-------- AVAILABLE RECORDS --------

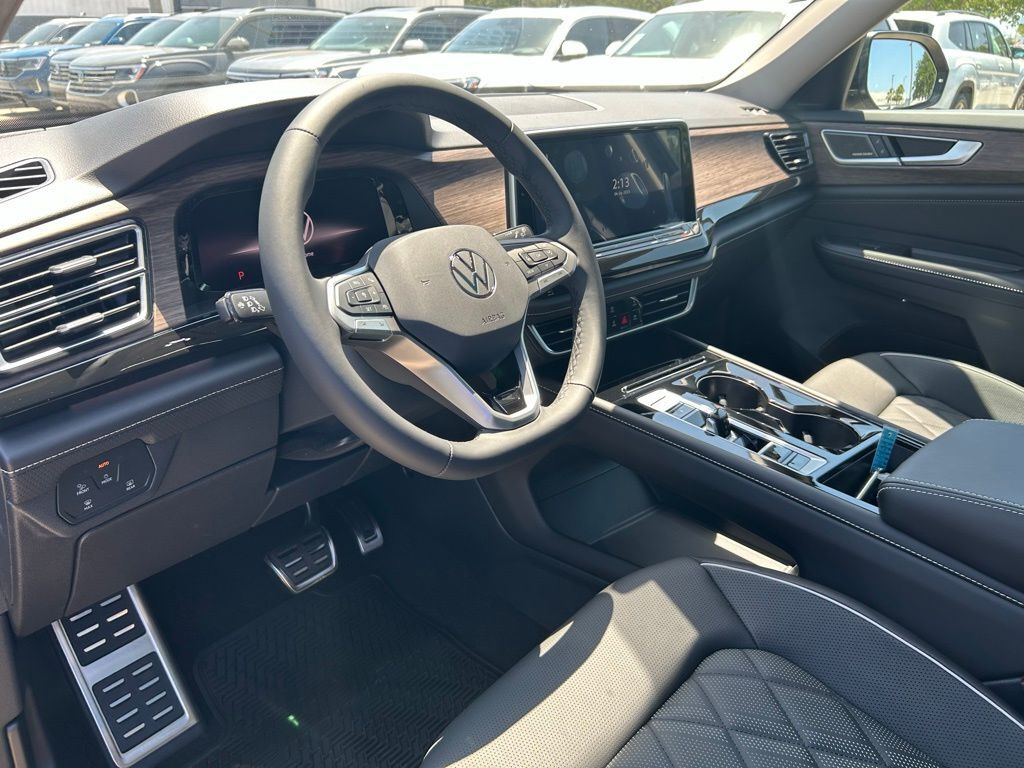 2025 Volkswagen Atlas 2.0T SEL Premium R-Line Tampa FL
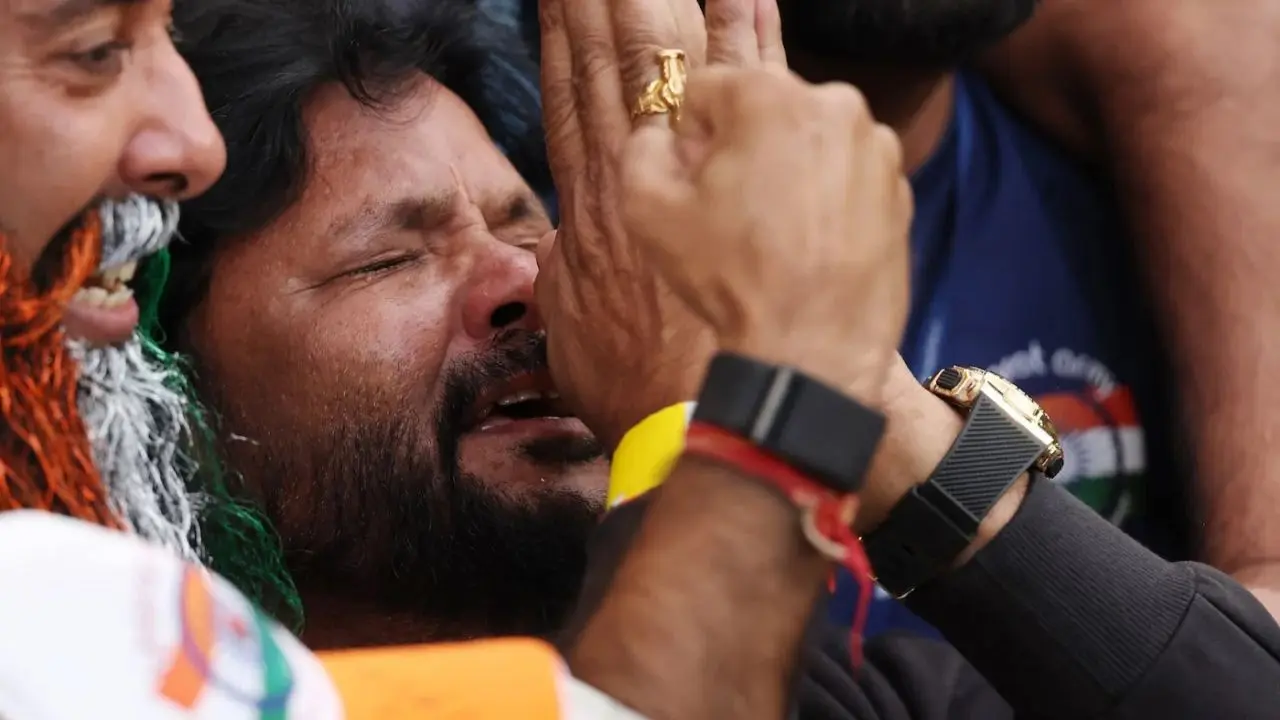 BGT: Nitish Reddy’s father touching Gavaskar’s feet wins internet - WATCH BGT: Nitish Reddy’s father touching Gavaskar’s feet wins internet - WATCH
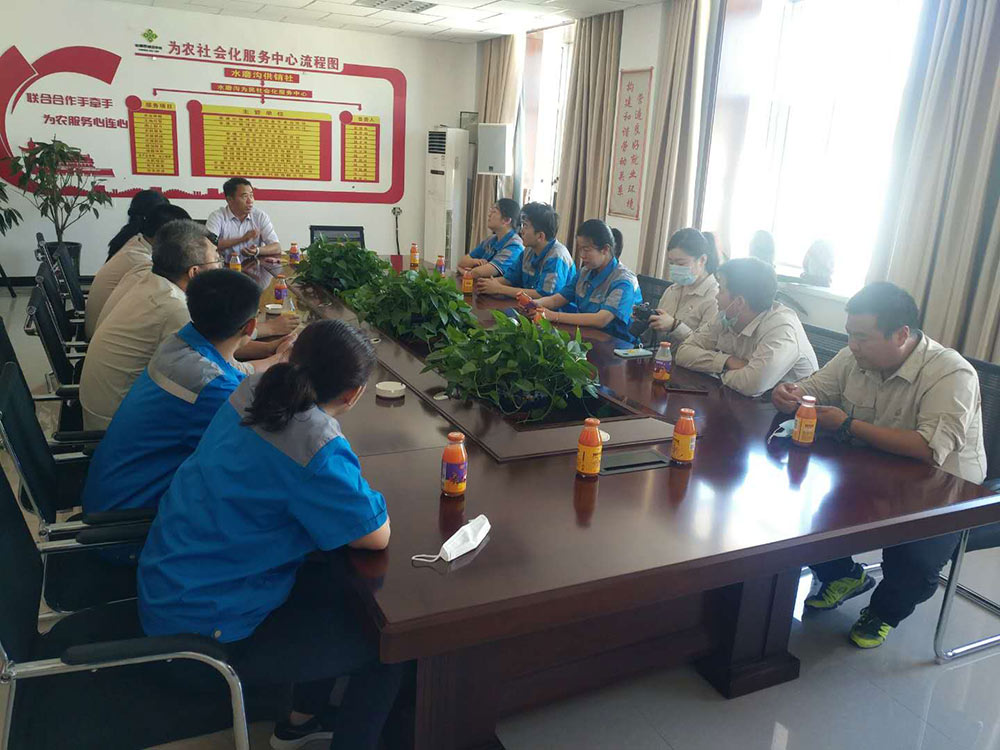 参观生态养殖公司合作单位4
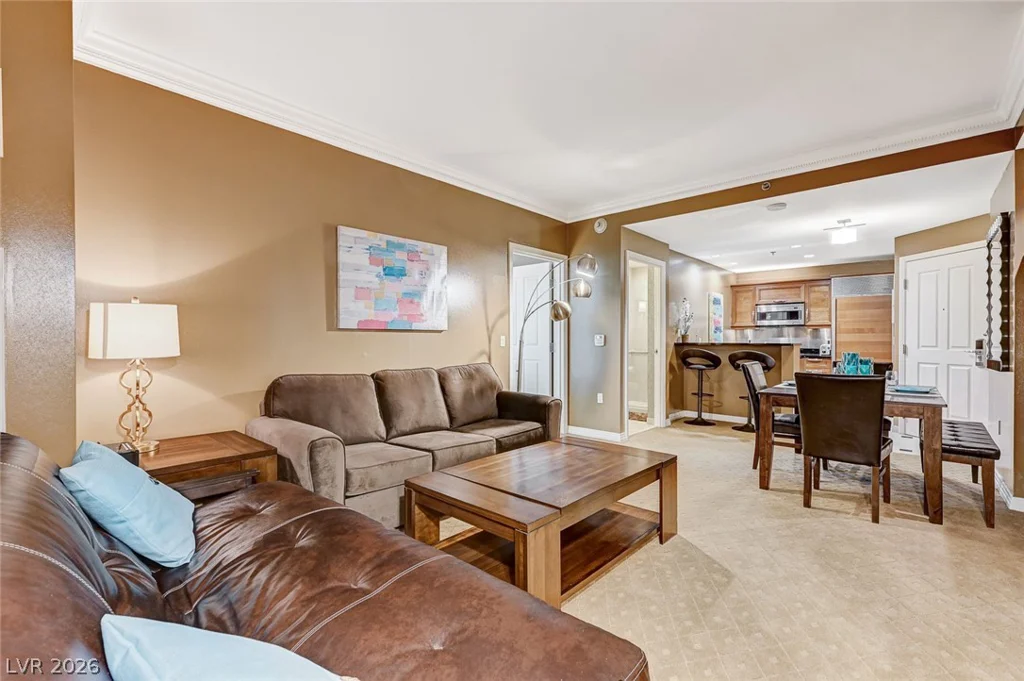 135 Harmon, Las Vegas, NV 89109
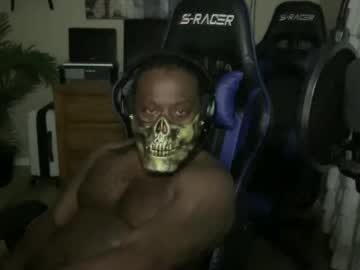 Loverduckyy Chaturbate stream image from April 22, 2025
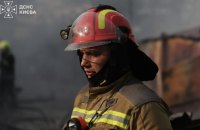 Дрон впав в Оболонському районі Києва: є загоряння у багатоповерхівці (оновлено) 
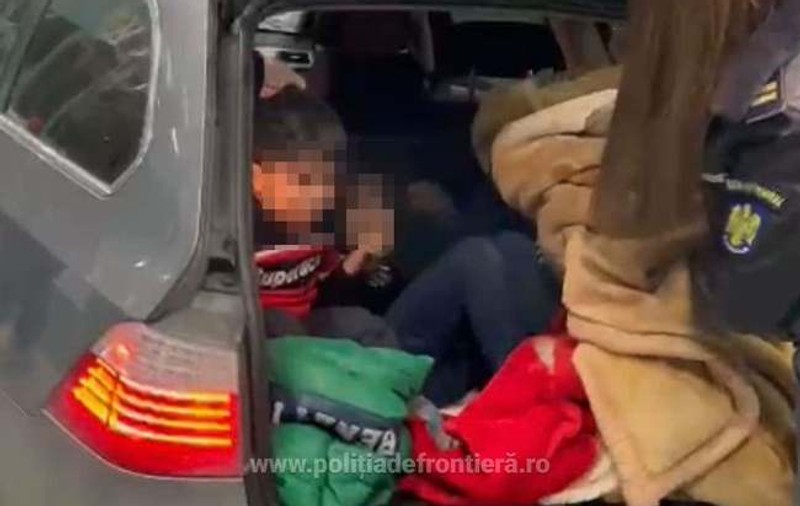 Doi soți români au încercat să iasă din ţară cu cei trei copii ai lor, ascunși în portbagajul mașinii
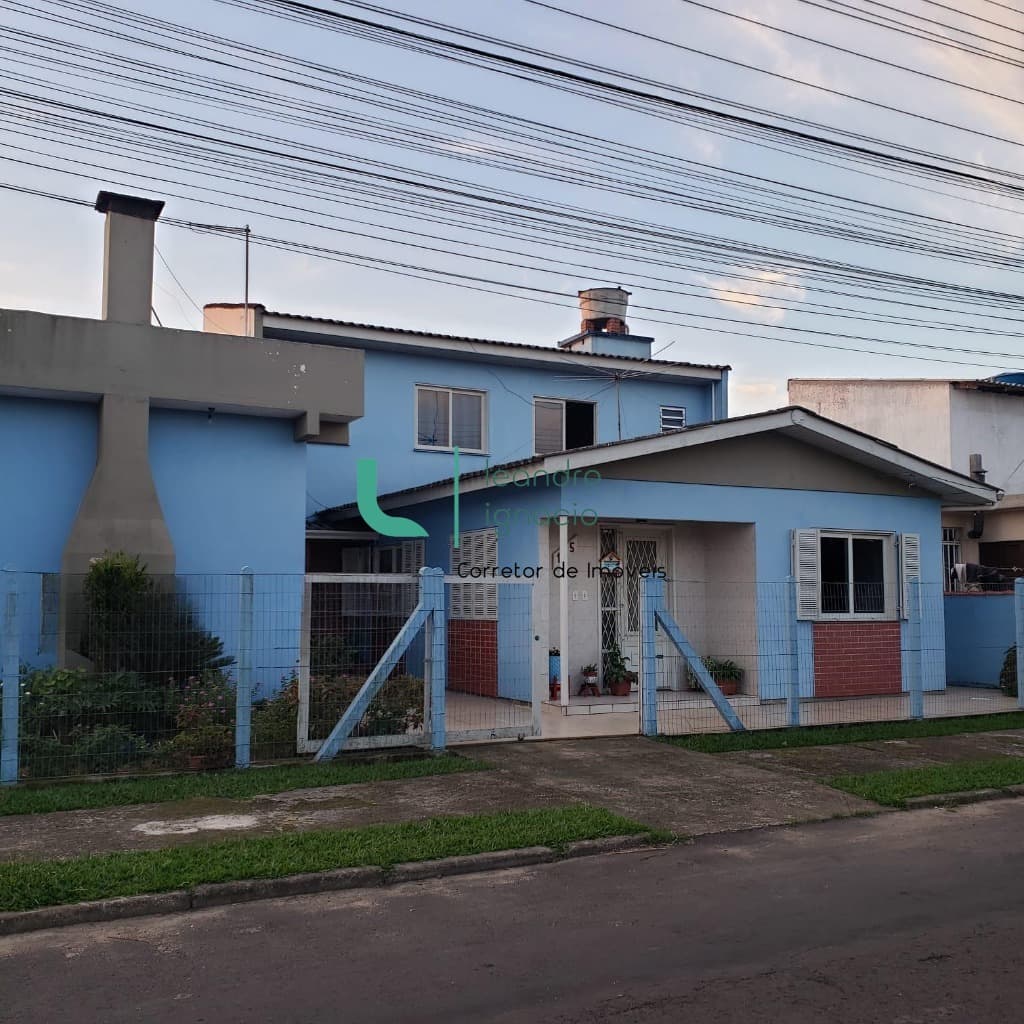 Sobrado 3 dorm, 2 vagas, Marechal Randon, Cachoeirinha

--------

PROBLEM TO SOLVE -
Can the entries above be repeated exactly, without their pictures?

EXERCISE OUTPUT -
 2025 Volkswagen Atlas 2.0T SEL Premium R-Line Tampa FL
 BGT: Nitish Reddy’s father touching Gavaskar’s feet wins internet - WATCH BGT: Nitish Reddy’s father touching Gavaskar’s feet wins internet - WATCH
 参观生态养殖公司合作单位4
 135 Harmon, Las Vegas, NV 89109
 Loverduckyy Chaturbate stream image from April 22, 2025
 Дрон впав в Оболонському районі Києва: є загоряння у багатоповерхівці (оновлено) 
 Doi soți români au încercat să iasă din ţară cu cei trei copii ai lor, ascunși în portbagajul mașinii
 Sobrado 3 dorm, 2 vagas, Marechal Randon, Cachoeirinha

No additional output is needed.